--- START ---

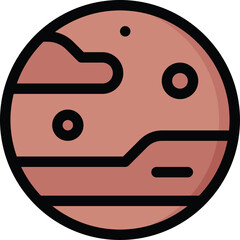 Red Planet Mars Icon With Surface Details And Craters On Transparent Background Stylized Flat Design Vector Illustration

--- END ---
--- START ---

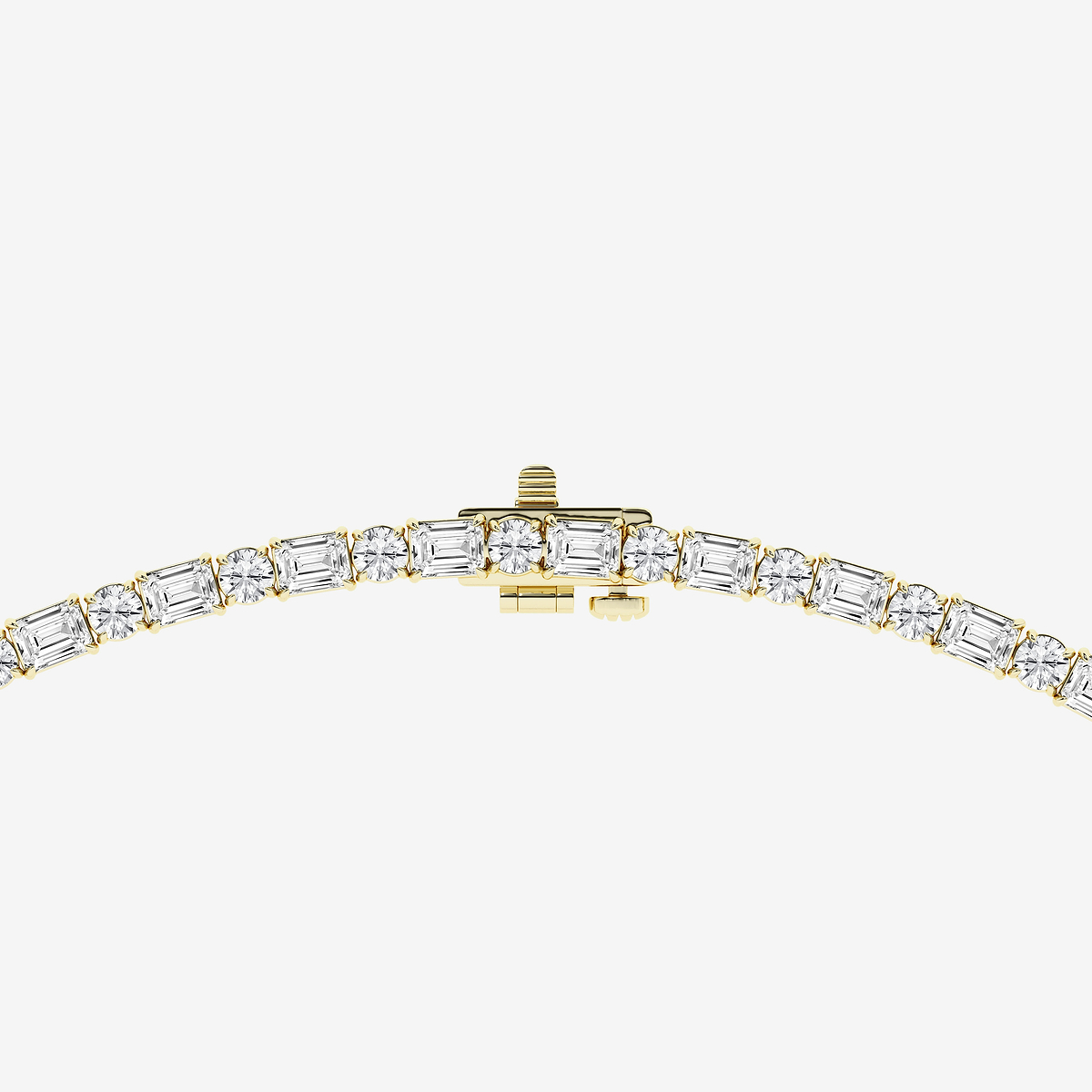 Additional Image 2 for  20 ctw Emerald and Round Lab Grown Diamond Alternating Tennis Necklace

--- END ---
--- START ---

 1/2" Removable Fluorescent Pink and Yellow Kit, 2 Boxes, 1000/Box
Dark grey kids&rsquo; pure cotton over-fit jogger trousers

--- END ---

*Activity:* Look back at the data above. Transcribe exactly the lines starting at the line that contains "2 Boxes, 1000/Box" and ending at the line that contains "Dark grey kids&rsquo;".

*Expected answer:*
 1/2" Removable Fluorescent Pink and Yellow Kit, 2 Boxes, 1000/Box
Dark grey kids&rsquo; pure cotton over-fit jogger trousers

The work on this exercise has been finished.